For Chez Derriere’s final project, Food Futures, the gallery will function as an explorative art restaurant for two nights. Join us for a meal, to celebrate, discuss and imagine the future of food with this group of inspiring collaborators and artists.
For Food Futures: Local Harvest, on 2 December, artists and designers Adam Ben-Dror, Chris Berthelsen and Rebecca Swan will be imagining a collaborative and sustainable future, where food production is localised and driven by communities. Join us at Chez Derriere for a banquet of fresh produce sourced from backyards, abandoned parking lots and local community gardens.
The vegetarian meal will be served on wood-fired ceramic serving plates (made at Wood Fired Pottery School) and eaten with handmade cutlery, lit by lights made from foraged materials and discarded electronics and powered by old car batteries. Rebecca Swan will be presenting an immersive video installation and will be talking about ideas around the living soil web and compost.

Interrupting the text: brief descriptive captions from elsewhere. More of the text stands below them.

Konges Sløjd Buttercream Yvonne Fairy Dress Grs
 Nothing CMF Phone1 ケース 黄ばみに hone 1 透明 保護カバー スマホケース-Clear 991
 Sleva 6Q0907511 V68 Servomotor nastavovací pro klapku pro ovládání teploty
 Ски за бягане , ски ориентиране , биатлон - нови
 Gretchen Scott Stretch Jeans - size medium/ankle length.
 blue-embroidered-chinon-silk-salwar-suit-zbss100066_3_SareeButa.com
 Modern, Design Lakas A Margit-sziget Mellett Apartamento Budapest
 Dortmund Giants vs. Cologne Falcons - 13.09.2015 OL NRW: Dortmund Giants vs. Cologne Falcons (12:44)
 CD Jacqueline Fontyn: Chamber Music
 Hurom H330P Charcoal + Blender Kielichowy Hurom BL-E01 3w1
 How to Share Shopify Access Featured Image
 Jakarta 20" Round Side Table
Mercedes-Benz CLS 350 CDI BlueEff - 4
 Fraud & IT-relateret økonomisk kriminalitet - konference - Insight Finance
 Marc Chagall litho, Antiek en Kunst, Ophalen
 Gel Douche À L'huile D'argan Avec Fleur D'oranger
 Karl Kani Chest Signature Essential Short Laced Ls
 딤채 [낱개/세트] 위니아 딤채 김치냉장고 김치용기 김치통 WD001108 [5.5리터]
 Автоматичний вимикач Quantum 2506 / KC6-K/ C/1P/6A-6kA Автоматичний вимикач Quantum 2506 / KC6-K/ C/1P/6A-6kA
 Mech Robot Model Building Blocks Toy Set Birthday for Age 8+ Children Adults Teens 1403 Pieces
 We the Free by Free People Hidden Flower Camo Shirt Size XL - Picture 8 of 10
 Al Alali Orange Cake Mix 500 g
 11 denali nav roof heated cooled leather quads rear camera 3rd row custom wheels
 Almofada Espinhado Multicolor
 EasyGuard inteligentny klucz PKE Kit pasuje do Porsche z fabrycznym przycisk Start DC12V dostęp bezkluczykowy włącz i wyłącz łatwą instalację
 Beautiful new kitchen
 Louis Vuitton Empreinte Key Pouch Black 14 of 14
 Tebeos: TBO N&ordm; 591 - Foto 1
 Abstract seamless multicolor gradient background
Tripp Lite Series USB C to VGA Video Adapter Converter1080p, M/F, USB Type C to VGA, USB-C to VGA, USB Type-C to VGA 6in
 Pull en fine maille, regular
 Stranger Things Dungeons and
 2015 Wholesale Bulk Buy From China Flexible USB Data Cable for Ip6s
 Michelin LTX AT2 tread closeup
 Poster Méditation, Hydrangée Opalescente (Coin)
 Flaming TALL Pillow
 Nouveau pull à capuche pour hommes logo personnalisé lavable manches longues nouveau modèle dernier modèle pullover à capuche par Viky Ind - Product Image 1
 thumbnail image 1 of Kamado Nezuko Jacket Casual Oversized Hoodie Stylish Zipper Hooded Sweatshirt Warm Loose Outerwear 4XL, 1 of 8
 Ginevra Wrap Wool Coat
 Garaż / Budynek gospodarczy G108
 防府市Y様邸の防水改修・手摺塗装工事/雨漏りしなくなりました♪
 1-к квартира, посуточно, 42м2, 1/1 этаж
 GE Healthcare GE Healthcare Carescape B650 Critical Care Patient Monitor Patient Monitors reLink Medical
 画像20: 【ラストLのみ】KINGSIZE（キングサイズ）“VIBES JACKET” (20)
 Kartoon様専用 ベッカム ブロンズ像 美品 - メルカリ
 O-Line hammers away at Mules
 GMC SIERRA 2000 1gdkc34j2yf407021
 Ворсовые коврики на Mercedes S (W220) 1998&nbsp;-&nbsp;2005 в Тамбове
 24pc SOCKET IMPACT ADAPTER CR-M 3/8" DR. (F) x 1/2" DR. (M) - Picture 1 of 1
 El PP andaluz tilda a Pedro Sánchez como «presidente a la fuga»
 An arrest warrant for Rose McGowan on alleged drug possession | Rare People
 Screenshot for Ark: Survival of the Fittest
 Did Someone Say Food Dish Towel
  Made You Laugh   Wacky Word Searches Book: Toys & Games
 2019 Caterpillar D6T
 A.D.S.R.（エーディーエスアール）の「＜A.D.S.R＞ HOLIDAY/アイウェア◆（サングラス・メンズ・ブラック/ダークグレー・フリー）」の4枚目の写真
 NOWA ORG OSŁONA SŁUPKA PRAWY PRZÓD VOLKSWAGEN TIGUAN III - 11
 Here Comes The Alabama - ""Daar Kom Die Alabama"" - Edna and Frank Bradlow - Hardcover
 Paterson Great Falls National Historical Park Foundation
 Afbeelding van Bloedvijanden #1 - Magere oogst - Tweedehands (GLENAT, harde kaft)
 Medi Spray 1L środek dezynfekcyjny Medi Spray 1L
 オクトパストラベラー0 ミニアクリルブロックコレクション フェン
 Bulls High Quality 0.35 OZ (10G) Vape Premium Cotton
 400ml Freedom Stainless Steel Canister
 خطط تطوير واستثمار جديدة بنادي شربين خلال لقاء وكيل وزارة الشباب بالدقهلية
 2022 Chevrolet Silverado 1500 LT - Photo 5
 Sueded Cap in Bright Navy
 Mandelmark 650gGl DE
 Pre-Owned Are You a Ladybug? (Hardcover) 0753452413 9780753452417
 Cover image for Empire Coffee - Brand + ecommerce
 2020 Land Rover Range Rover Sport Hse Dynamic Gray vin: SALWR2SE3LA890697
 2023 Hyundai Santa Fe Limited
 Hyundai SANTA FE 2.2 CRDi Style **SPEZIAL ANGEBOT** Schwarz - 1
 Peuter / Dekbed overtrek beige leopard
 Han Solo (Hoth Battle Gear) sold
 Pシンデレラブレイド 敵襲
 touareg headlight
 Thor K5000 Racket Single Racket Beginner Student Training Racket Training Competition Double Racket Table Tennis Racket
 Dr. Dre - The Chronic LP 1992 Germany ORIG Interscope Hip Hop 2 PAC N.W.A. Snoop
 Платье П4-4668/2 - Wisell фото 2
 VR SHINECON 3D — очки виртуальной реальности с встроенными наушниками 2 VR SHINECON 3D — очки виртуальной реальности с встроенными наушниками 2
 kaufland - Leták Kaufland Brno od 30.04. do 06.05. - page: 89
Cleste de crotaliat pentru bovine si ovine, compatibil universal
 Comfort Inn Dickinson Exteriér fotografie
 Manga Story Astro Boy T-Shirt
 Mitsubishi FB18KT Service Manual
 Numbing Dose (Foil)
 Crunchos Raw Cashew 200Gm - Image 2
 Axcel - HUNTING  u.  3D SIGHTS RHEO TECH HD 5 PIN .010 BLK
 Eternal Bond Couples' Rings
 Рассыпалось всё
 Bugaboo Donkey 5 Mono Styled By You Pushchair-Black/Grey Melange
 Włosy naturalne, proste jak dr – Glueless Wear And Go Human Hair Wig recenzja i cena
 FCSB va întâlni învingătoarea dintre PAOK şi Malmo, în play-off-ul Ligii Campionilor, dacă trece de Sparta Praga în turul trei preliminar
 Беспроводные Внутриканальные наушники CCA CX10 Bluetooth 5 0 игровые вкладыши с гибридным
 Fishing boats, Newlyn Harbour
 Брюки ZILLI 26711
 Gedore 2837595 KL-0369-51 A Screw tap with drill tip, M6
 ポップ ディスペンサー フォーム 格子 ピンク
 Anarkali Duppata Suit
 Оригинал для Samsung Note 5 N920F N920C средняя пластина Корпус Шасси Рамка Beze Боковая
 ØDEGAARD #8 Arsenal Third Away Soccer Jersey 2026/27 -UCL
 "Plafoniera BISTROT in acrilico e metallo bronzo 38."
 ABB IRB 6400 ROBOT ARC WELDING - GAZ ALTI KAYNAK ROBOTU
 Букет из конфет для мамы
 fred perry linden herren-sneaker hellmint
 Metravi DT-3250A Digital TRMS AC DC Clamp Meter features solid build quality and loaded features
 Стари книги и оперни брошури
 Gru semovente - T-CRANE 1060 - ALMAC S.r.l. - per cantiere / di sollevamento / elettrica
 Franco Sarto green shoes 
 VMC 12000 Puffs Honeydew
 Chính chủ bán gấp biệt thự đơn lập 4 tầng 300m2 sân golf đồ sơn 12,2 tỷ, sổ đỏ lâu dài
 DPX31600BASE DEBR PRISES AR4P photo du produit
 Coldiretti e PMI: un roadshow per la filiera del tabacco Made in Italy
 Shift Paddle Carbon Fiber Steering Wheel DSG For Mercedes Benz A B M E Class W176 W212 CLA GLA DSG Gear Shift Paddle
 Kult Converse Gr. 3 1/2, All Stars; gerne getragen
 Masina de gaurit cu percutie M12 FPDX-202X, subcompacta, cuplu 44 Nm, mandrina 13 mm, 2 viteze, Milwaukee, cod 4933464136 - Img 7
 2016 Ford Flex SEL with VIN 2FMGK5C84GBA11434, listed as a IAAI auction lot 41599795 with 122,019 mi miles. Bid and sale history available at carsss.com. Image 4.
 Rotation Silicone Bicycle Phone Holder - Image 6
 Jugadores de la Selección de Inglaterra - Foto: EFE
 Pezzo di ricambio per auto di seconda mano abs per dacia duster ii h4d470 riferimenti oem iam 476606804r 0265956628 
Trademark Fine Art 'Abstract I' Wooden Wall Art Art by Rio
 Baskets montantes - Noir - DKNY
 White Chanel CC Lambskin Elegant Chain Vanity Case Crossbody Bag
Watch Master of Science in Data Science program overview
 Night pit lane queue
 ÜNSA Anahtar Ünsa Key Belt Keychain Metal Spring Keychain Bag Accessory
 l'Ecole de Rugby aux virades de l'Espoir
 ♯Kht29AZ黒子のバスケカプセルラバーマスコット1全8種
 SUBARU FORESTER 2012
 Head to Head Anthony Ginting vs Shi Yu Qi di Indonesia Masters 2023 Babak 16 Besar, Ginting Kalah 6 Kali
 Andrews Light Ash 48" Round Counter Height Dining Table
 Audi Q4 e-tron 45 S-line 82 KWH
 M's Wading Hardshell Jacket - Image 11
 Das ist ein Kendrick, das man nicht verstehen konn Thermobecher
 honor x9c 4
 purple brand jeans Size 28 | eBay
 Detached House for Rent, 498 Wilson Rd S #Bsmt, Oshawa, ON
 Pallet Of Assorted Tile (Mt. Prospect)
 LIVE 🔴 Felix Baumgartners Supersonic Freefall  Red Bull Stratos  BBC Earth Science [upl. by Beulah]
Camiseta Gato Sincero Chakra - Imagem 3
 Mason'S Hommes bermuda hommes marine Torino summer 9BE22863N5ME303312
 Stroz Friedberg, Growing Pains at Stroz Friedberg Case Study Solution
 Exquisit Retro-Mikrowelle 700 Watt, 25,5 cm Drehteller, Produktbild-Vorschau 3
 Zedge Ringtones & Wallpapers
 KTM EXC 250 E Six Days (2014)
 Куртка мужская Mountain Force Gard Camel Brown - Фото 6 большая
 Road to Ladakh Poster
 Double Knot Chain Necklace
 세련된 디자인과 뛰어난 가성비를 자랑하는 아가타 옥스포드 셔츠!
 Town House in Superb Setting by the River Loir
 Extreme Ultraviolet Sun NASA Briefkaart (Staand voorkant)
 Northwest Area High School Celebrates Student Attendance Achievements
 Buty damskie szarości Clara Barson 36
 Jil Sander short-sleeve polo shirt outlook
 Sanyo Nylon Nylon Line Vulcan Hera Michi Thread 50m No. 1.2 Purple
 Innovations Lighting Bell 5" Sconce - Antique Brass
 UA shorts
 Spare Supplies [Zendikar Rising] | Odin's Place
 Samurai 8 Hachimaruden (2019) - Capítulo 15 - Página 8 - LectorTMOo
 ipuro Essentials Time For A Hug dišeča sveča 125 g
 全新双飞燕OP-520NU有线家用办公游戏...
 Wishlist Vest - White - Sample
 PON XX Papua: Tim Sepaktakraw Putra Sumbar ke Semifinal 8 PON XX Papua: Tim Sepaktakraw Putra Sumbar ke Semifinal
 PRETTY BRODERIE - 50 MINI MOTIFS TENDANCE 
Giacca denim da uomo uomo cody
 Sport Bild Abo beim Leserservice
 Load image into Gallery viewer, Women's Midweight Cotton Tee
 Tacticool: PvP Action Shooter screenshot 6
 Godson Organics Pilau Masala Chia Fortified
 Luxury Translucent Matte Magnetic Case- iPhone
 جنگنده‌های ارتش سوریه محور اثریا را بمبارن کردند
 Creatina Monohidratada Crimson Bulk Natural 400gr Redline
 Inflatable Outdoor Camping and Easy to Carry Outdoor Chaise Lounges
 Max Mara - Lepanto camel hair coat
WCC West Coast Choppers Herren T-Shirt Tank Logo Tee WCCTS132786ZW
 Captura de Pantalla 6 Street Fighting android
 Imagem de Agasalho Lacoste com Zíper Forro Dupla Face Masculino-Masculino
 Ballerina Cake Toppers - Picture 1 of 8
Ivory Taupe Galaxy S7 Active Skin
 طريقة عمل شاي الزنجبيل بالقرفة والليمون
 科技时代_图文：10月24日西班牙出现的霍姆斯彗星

The following event, Food Futures: Kai Māori, on 8 December (please note date change due to illness), journalist and food researcher Charlotte Muru-Lanning (Ngāti Maniapoto, Waikato Tainui, Ngāti Whātua Ōrākei) and chef and wine-maker Matua Murupaenga (Ngāti Kurī, Ngāti Kahu) will host a dinner to explore what kai Māori is and imagine what its future could be. The collaborative menu will feature jelly inspired by pūrākau, native ingredients, and wine from Matua and Imogen Weir’s (Ngāi Tahu) Māori natural wine label Tawhiti.
Both events are now fully booked.
About the artists and collaborators
Adam Ben-Dror is a multidisciplinary artist, designer and inventor based in Tāmaki Makaurau, Auckland. With Xin Cheng he co-runs Local Making, a neighbourhood-scaled laboratory for living and making together amongst the more-than-human Anthropocene. Adam teaches design at the University of Auckland and is a facilitator with the Compost Collective. He studied fine arts at the University of Auckland, design at Victoria University Wellington and robotics at Carnegie Mellon, Pittsburgh, USA.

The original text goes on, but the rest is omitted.